SUPPLIED ENTRIES:
┄┄┄┄┄┄┄┄┄┄┄┄┄┄┄┄┄┄┄┄
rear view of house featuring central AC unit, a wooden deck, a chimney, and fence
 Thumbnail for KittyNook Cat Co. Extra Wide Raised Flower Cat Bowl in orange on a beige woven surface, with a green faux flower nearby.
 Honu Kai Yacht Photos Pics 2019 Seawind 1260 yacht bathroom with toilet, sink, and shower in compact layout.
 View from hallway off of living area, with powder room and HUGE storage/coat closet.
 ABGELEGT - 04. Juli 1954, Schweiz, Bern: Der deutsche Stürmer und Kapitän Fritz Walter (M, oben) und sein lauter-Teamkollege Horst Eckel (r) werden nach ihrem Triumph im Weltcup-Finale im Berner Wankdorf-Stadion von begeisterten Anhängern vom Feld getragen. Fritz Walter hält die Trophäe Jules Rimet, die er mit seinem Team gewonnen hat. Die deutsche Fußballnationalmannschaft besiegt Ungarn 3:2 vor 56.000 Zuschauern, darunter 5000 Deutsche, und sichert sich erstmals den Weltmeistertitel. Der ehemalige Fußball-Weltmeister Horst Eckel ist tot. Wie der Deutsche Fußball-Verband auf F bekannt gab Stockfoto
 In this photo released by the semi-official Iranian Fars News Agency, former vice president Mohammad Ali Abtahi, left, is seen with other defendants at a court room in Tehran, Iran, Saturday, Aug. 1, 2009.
┄┄┄┄┄┄┄┄┄┄┄┄┄┄┄┄┄┄┄┄
THE PROBLEM: Once you have gone through the listing, state the number of lines holding the word "with" and nothing else.

EXERCISE RESULT: 4